Bir meczup çıkıyor ve diyor ki;
“10 Kasım'da saat 9'u 5 geçe kenefe gidin, Mustafa Kemal'in verdiği zararı Yunan yapmazdı, keşke yunan galip gelseydi” diyor, hükümet edenler ses çıkarmıyor. Çünkü onlar için kırmızı şapkalı bu deli, tarihçi ve bilim adamı(!)
Aslında bu adama meczup bile demek doğru değil, hiç değilse meczup Tanrı sevgisi nedeniyle aklını yitiren kişiye, ne konuştuğunu bilmeyenler için söylenir.
Toplum Atatürk’e dil uzatan bu muhtereme kızıyor, sosyal medyada cevap veriyor, kamuoyu bu kişiyi iyiden iyiye tanıyor.
Tam bu söyledikleri unutuldu diyeceğimiz bu 10 Kasım’da bu deli adamın bir ziyaretçisi var. Kucağında bir dizi kitapla, sözde tarihçiyi evinde ziyaret eden kişi, dinimizin temsilcisi Diyanet İşleri Başkanı Prof. Dr. Ali Erbaş… Yalova Üniversitesi Rektörü iken bu göreve Cumhurbaşkanı tarafından bu kutsal göreve atanan kişi.
Bu önemli görevin Başkanı 1982-1993 yılları arasında İstanbul Fatih Müftülüğüne bağlı çeşitli camilerde din görevlisi olarak vazife yapmış.
Marmara Üniversitesi İlahiyat Fakültesinde 1987’de Tefsir Anabilim Dalında “Kur’an’daki Tekrarlar” isimli teziyle Yüksek Lisansını, 1993’te ise Dinler Tarihi Anabilim Dalında “İlâhî Dinlerde Melek İnancı” isimli teziyle doktorasını tamamladı. Sonrası da profesör ve yürü ya kulum…
Başkanlığa atandıktan sonra kendisine verilen görevleri başarı ile yürütüyor.
***
10 Kasım’dan bir gün önce Cuma vaaz ve hutbelerinde Atatürk’ün adından dahi söz etmeyen ve ettirmeyen muhterem başkanımız 10 Kasım günü anma törenine katılmak yerine, kamuoyuna mesaj verircesine tarihçi meczubu ziyaret ediyor.
***
Merak ettim, Diyanet İşleri Başkanlığının görevlerine baktım. Kendi sitesinde bakın ne diyor?
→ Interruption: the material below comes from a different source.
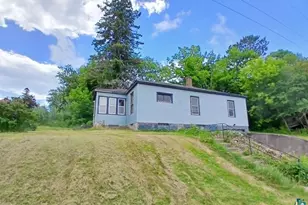 201 19th St, Cloquet, MN 55720 - Photo 6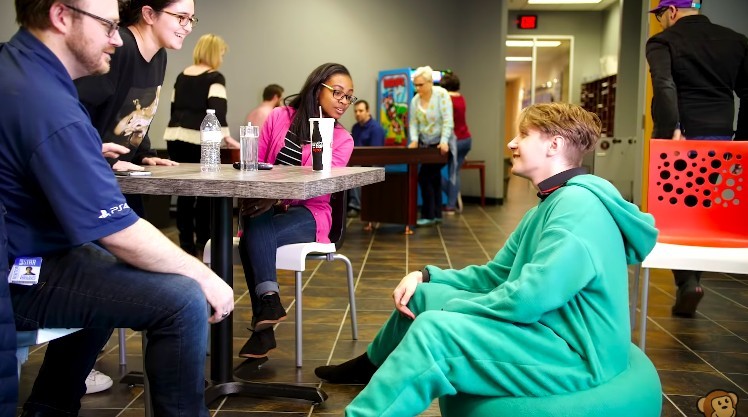 螢幕快照 2019-04-29 下午6.04.18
“Diyanet İşleri, ‘din işlerini yürütme kurulu’ adıyla cumhuriyetin ilanından sonra kurulmuştur. (Atatürk tarafından) Diyanet İşleri Başkanlığı, laiklik kapsamında devlete sadece bilgilendirme sunmakta ve görüş bildirmektedir. Diyanet İşleri resmi bir kurum olarak din işlerini yürütmekle mükelleftir.
Diyanet İşleri, din ile ilgili işlerin istişare edilmesi, karara bağlanması, yayınlanması, din kurumlarının yönetmeliği, tüzüğü, kanuna uygunluğu ile ilgili düzenlemeler oluşturmaktadır”
Özetlemek gerekirse Diyanet İşleri Başkanlığı;
*Dini sorunların çözümünde görev alır.
*Dini soruların cevaplandırılmasını sağlar.
*Dini konularda halkın aydınlatılmasını sağlar.
*Halkın dini ihtiyaçlarının karşılanmasını sağlar.
*Din kurumlarını yönetir ve yönlendirir.
*Eğitimde içerik hazırlar ve geliştirir.
*Din merkezlerine memurlar atar.
*Dini günlerin ve namaz saatlerinin duyurulmasında görev alır.
*Ramazan etkinliklerinin ve kurban etkinliklerinin yapılmasında görev alır.
*Cami ve kursların açılışlarına izin verir ve destekler.
*Ulusal, yerel ve uluslararası dini yayınların yapımında izin verir ve destekler.
*Cuma namazlarında hutbelerin içeriklerini düzenler.
*Din görevlilerin istihdam edilmesini ve memuriyetlerini düzenler.
*Hac ve umre organizasyonları yapar.
*İnsani yardım amacıyla organizasyonlar yapar.
*Eğitim, sağlık, güvenlik, barınma ihtiyaçlarını karşılar.
***
Peki Diyanet İşleri Başkanı’nın, Cumhuriyetin Kurucusu, lider, önder, kurtarıcı, dünyanın saygı duyduğu Mustafa Kemal Atatürk’e her fırsatta dil uzatarak hakaret eden, bunu bildiği halde bu meczubu, üstelik o’nun ölüm yıldönümünde, 10 Kasım günü ziyaret etme görevi hangi kitaplarda yazılı? Ya da bu görevi size kim verdi? Sizin bir ton göreviniz varken, gerekli olmadığı halde, kendinize görevden vazife çıkarmanıza, halkın aklı ile alay etmenize, ahalinin gösterdiği tepki az bile. Halkın; sizin bu kutsal görevinizden istifanızı istemesini doğal karşıladığınızı ve gereğini yapacağınıza inanıyorum.
Şayet bunu yapmazsanız, artık benim ve benim gibi düşünenlerin Diyanet İşleri Başkanı olamazsınız. Dileğim; yaptığınız bu ziyaretin hesabını bu dünyada vereceğinize inanmadığım için, Allah huzurunda öbür dünyada verirsiniz.